Hacker News new | ask | show | jobs
by andrewmatte 2427 days ago
Yes and the bait and switch from business for flowers?

And K-means??? Why not HDBSCAN?

4 comments

Each time somebody points out K-means, I show them this clustering benchmark by the scikit-learn project: https://scikit-learn.org/stable/_images/sphx_glr_plot_cluste...
Wow, thanks so much for that. I was trying to figure out how to do clustering for geographic place names (from AIS data) and that one image answers so many questions for me.
I printed this out and put it on the wall by my desk a while back because of the number of questions people were asking me about various clustering algorithms.
Any accompanying text for the image?
Anyone willing to describe us the importance of this image?
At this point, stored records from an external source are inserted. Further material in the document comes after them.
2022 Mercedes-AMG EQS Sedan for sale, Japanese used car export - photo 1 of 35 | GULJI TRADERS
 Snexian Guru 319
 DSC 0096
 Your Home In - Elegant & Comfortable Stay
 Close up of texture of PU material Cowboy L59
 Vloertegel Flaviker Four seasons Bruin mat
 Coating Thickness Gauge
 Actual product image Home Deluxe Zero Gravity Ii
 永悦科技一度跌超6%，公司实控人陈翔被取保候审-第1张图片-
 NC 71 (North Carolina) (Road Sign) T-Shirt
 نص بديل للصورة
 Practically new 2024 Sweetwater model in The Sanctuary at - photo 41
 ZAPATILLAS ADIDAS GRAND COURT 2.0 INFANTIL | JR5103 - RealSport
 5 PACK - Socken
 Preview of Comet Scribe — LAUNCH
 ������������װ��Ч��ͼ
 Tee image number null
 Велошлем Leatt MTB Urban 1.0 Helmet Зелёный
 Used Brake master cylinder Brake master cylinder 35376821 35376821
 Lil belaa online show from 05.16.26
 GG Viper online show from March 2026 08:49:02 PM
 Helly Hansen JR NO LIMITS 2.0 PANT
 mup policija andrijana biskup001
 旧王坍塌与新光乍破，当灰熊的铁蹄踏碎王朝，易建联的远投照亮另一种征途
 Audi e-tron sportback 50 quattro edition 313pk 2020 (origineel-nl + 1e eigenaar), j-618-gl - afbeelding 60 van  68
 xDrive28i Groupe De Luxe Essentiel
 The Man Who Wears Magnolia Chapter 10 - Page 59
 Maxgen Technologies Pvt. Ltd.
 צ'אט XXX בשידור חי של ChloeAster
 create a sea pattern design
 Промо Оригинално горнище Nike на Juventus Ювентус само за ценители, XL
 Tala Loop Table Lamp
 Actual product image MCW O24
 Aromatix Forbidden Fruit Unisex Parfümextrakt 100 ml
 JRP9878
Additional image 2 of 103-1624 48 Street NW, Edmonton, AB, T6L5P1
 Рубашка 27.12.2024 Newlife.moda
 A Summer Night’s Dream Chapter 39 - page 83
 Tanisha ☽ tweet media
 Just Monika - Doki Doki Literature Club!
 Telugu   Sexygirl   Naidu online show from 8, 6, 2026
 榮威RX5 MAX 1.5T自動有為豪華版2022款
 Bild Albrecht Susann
I'd like to be enlightened.
Really depends on your data and what clustering you want. There isn't one "best" clustering algo. Sometimes you really DO want partitioning, and KMeans works better. Sometimes it's agglomerative for connecting thin threads. What I've found is that HDBScan is too conservative in clusters. It's usually just running the data through numerous models and seeing which are the most stable after parameter tuning, and what is usable by marketing.
Just read this today! Also this lib is from the maker of the amazing UMAP dimension reduction lib.

https://hdbscan.readthedocs.io/en/latest/performance_and_sca...

Exactly! At least with an actual customer dataset,that it implied at first that it was going to use, it would have been slightly useful.